368. These difficulties, however, have greatly
impressed M. Bayle, who[346] was more inclined
to dwell on them than to solve them, although
he might perhaps have had better success
than anyone if he had thought fit to turn
his mind in that direction. Here is what
he says of them in his _Dictionary_, art.
'Jansenius', lit. G, p. 1626: 'Someone has
said that the subject of Grace is an ocean
which has neither shore nor bottom. Perhaps
he would have spoken more correctly if he
had compared it to the Strait of Messina,
where one is always in danger of striking
one reef while endeavouring to avoid another.
_Dextrum Scylla latus, laevum implacata Charybdis_
_Obsidet._
Everything comes back in the end to this:
Did Adam sin freely? If you answer yes, then
you will be told, his fall was not foreseen.
If you answer no, then you will be told,
he is not guilty.

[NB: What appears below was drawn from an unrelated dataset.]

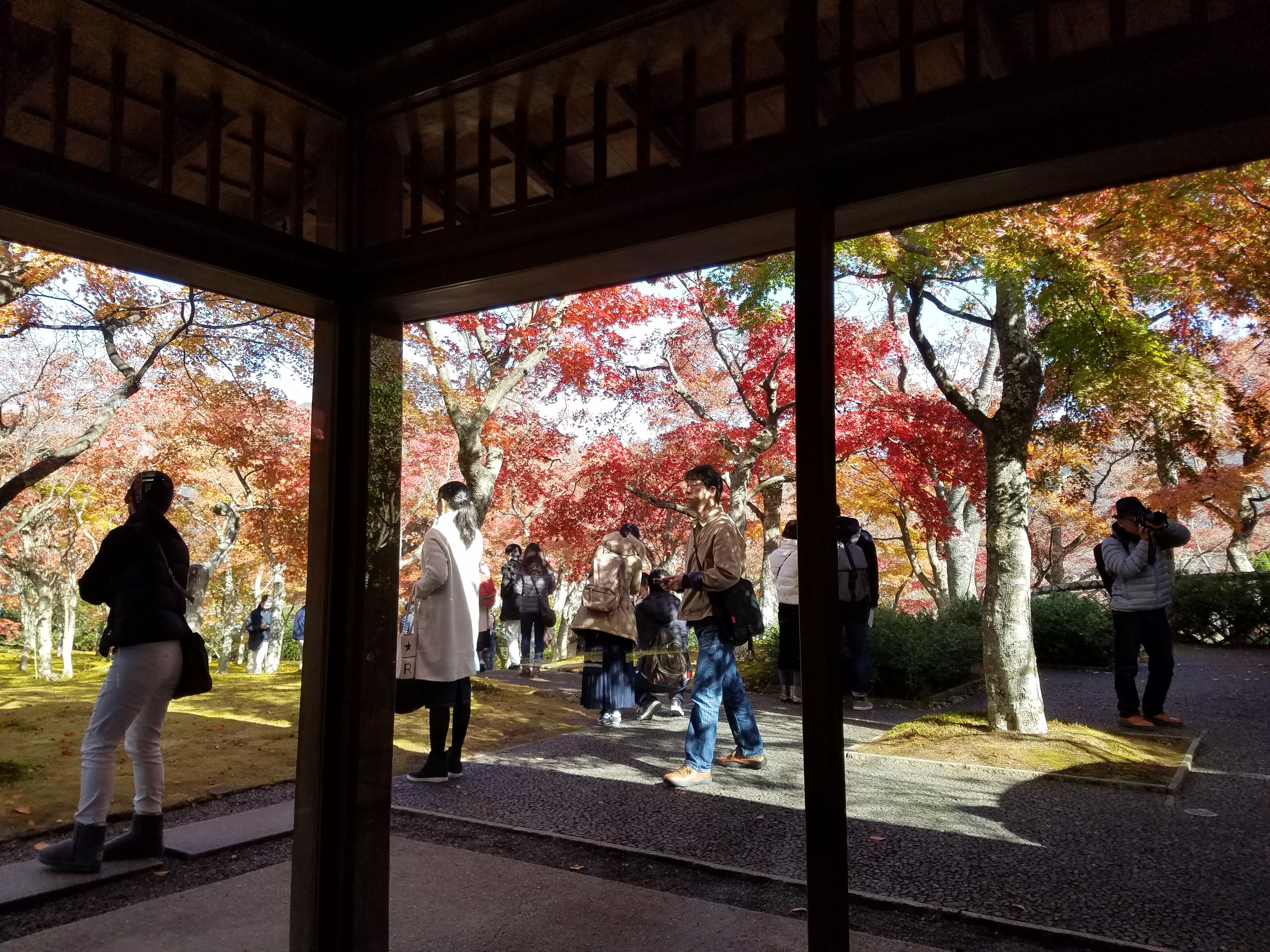 箱根　強羅　箱根美術館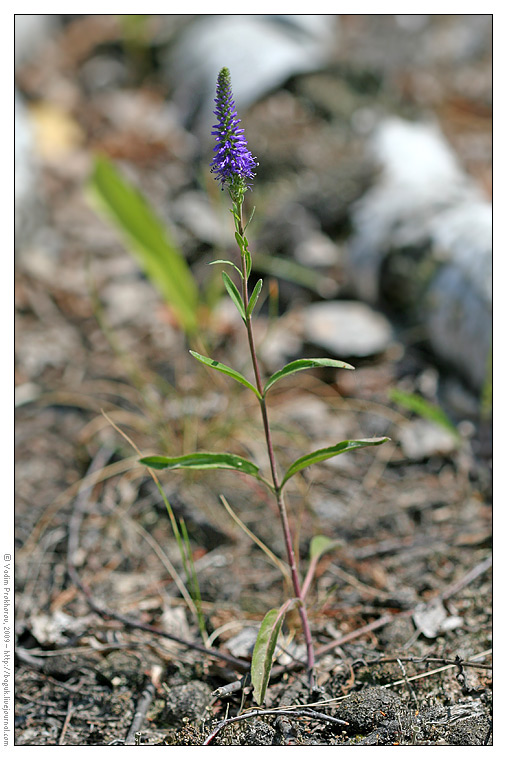 Image of Veronica spicata specimen.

You may write a hundred
volumes against the one or the other of these
conclusions, and yet you will confess, either
that the infallible prevision of a contingent
event is a mystery impossible to conceive,
or that the way in which a creature which
acts without freedom sins nevertheless is
altogether incomprehensible.'
369. Either I am greatly mistaken or these
two alleged incomprehensibilities are ended
altogether by my solutions. Would to God
it were as easy to answer the question how
to cure fevers, and how to avoid the perils
of two chronic sicknesses that may originate,
the one from not curing the fever, the other
from curing it wrongly. When one asserts
that a free event cannot be foreseen, one
is confusing freedom with indetermination,
or with indifference that is complete and
in equipoise; and when one maintains that
the lack of freedom would prevent man from
being guilty, one means a freedom exempt,
not from determination or from certainty,
but from necessity and from constraint. This
shows that the dilemma is not well expressed,
and that there is a wide passage between
the two perilous reefs. One will reply, therefore,
that Adam sinned freely, and that God saw
him sinning in the possible state of Adam,
which became actual in accordance with the
decree of the divine permission. It is true
that Adam was determined to sin in consequence
of certain prevailing inclinations: but this
determination destroys neither contingency
nor freedom. Moreover, the certain determination
to sin which exists in man does not deprive
him of the power to avoid sinning (speaking
generally) or, since he does sin, prevent
him from being guilty and deserving [347]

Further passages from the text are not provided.